For this exercise, write out the whole listing below exactly, omitting its images.

——————————

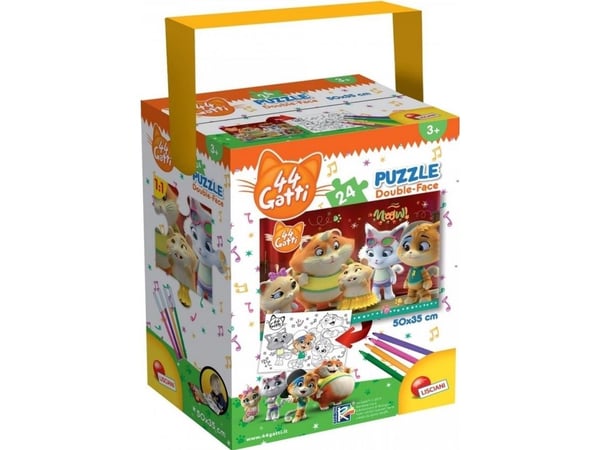 Lisciani Giochi Tub Puzzle Mini 24 44 Gatti Meaow!, Alle kjønn, Nemo
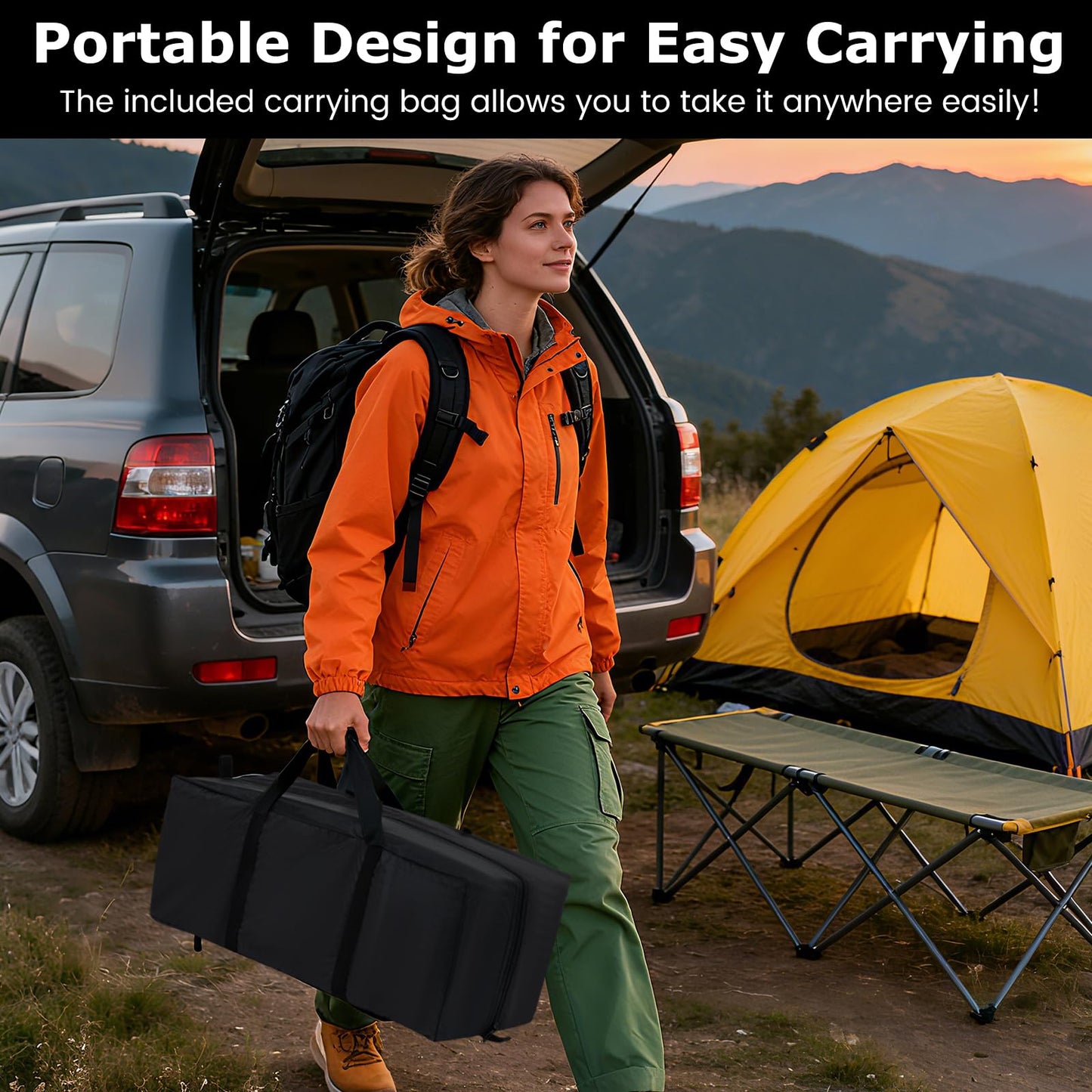 Bike Storage Shed Tent, Waterproof Anti-UV Garden Shed with Silver-coated Fabric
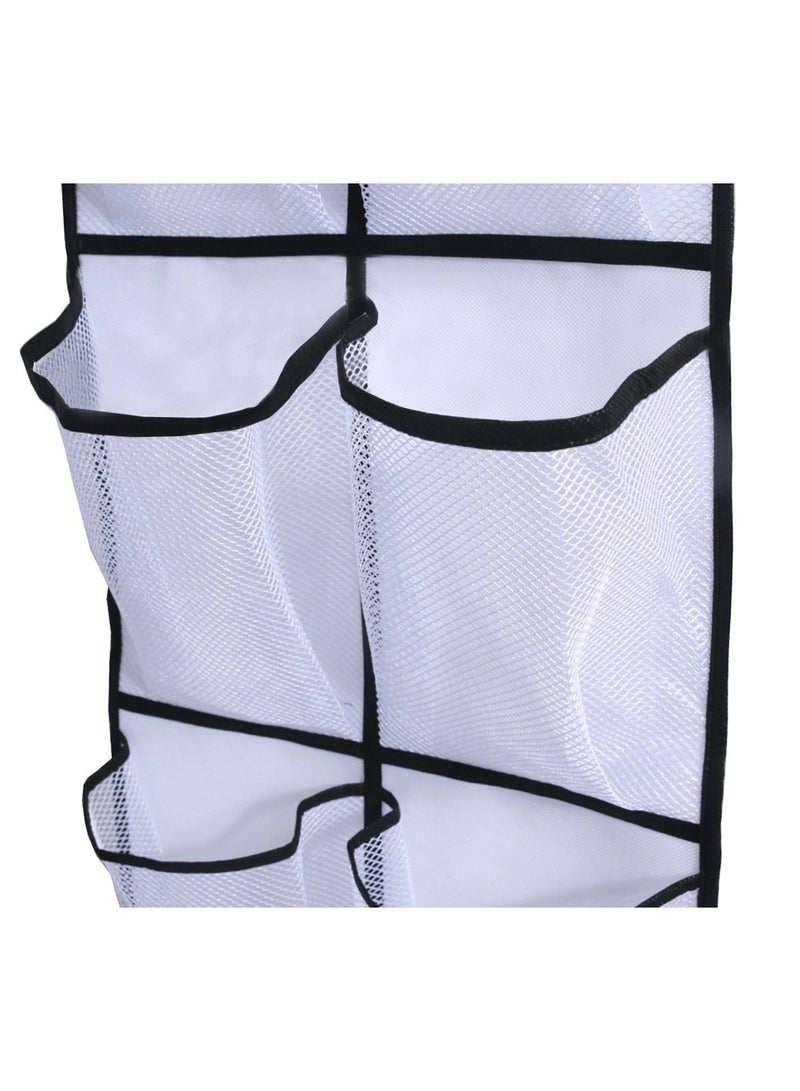 Narrow Over The Door Shoe Organizer 12 Large Mesh Pockets Hanging Storage Shoe Rack for Closet Organizers and Storage - Image 5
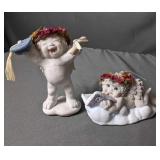 Two Dreamsicles Figurines (1) "Graduation Day" (2)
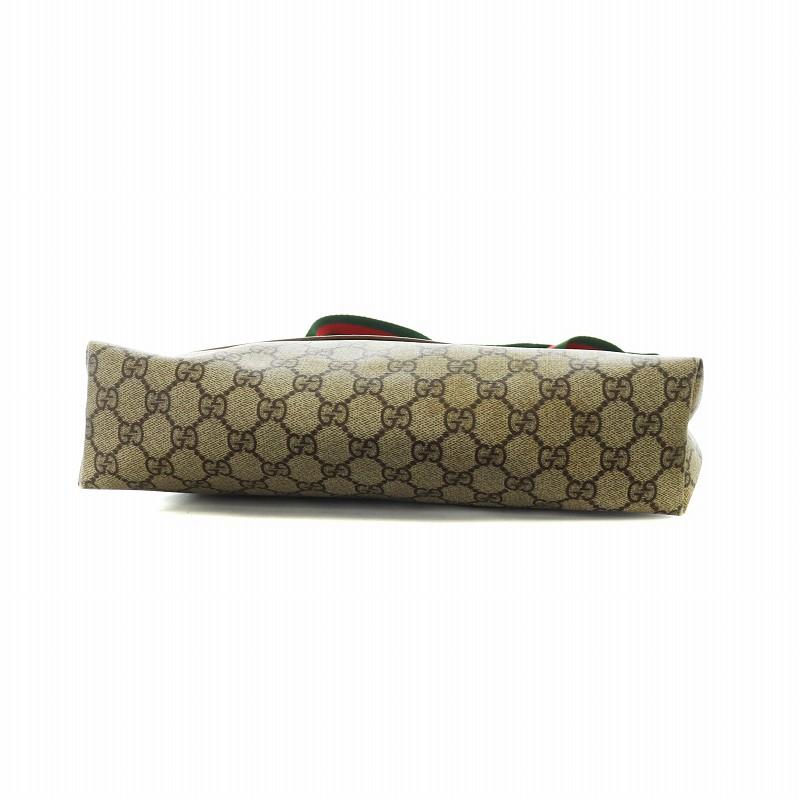 GUCCI（グッチ） ヴィンテージ トートバッグ PVC GG柄 シェリーライン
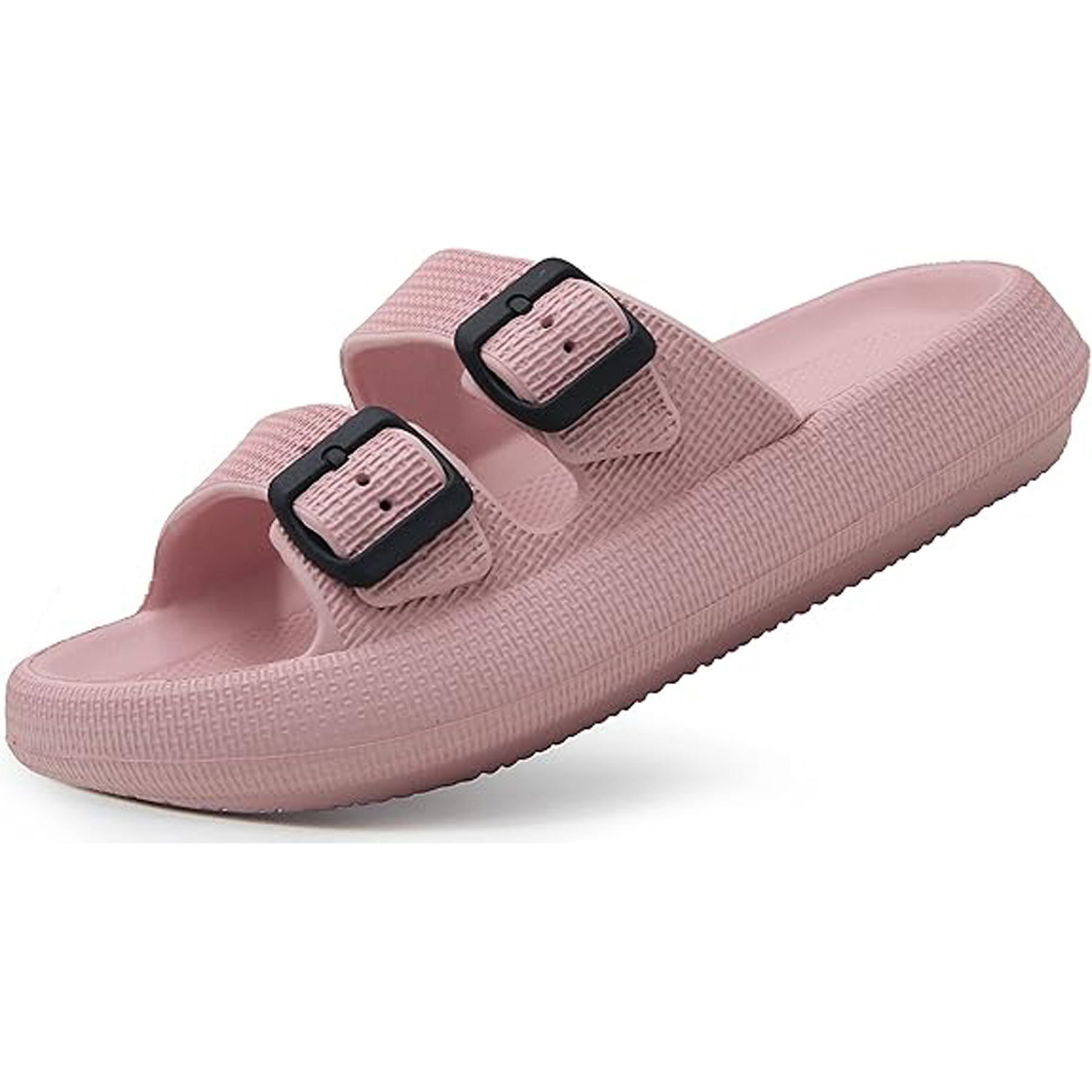 EVA Double Buckle Adjustable Flat Sandals 14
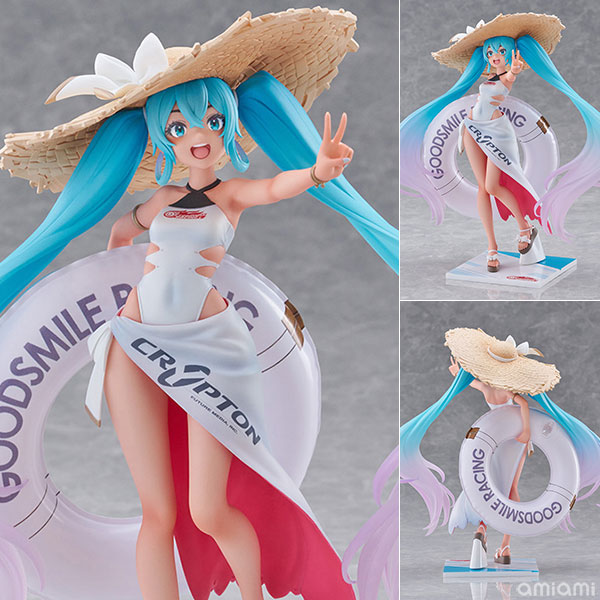 FURYU TENITOL Hatsune Miku GT Project Racing Miku 2024 Tropical Ver. Complete Figure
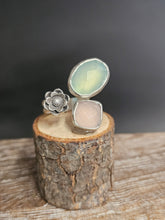 Load image into Gallery viewer, Mae Flowers Chalcedony, Rose Quartz Ring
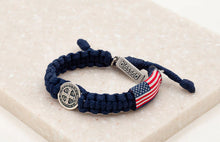 Load image into Gallery viewer, God Bless America for Kids and Teens United Bracelet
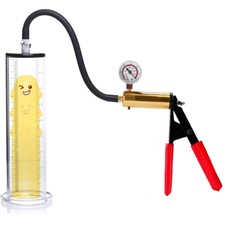 Mens Vacuum Penis Pump Male Enhancer Enlarger Enlargement Cylinder Hand-Pump Kit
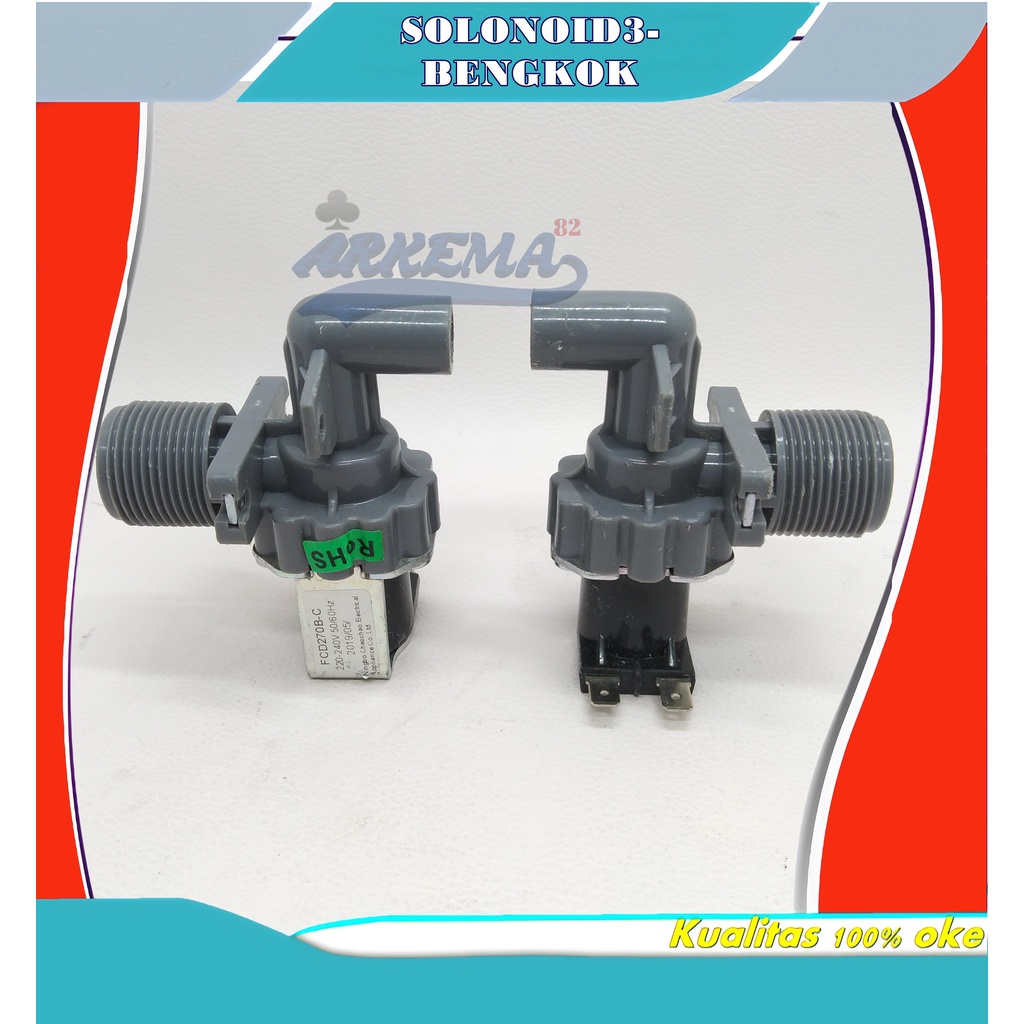 SLONOID MESIN MESIN CUCI L | SELENOID MOTOR WATER INLET VALVE MESIN CUCI 1 TABUNG TOP LOADING LG DLL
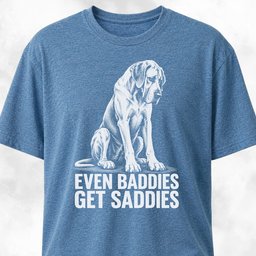 Even Baddies Get Saddies Great Dane T Shirt Gift For Dog Lover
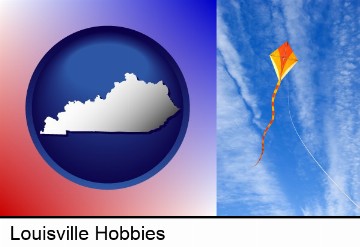 flying a kite in Louisville, KY
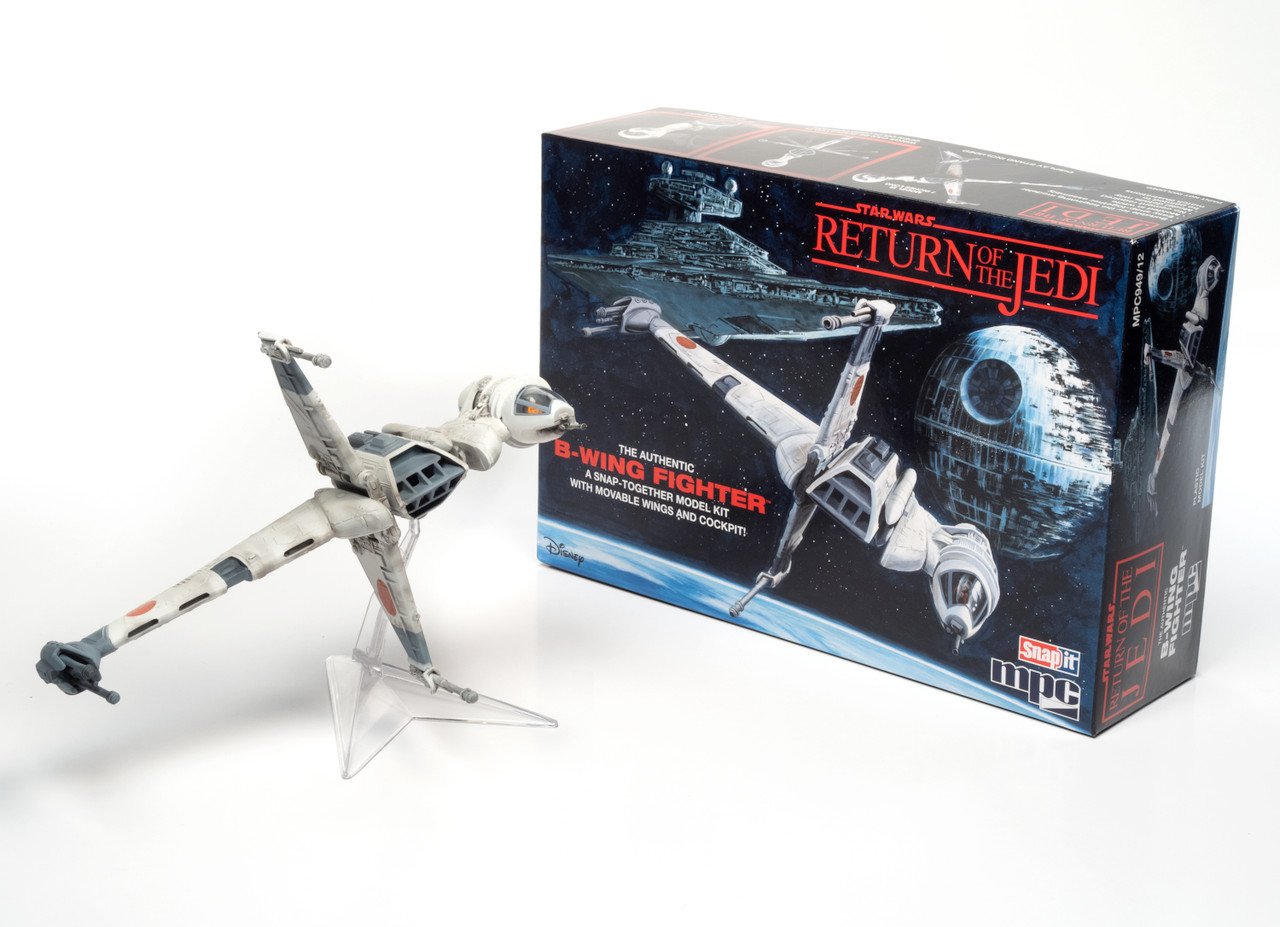 Models & Model Kits Starwars Return Of The Jedi B-Wing Fighter By MPC ...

——————————

→ **EXERCISE OUTPUT**:
 Lisciani Giochi Tub Puzzle Mini 24 44 Gatti Meaow!, Alle kjønn, Nemo
 Bike Storage Shed Tent, Waterproof Anti-UV Garden Shed with Silver-coated Fabric
 Narrow Over The Door Shoe Organizer 12 Large Mesh Pockets Hanging Storage Shoe Rack for Closet Organizers and Storage - Image 5
 Two Dreamsicles Figurines (1) "Graduation Day" (2)
 GUCCI（グッチ） ヴィンテージ トートバッグ PVC GG柄 シェリーライン
 EVA Double Buckle Adjustable Flat Sandals 14
 FURYU TENITOL Hatsune Miku GT Project Racing Miku 2024 Tropical Ver. Complete Figure
 Load image into Gallery viewer, Mae Flowers Chalcedony, Rose Quartz Ring
 Load image into Gallery viewer, God Bless America for Kids and Teens United Bracelet
 Mens Vacuum Penis Pump Male Enhancer Enlarger Enlargement Cylinder Hand-Pump Kit
 SLONOID MESIN MESIN CUCI L | SELENOID MOTOR WATER INLET VALVE MESIN CUCI 1 TABUNG TOP LOADING LG DLL
 Even Baddies Get Saddies Great Dane T Shirt Gift For Dog Lover
 flying a kite in Louisville, KY
 Models & Model Kits Starwars Return Of The Jedi B-Wing Fighter By MPC ...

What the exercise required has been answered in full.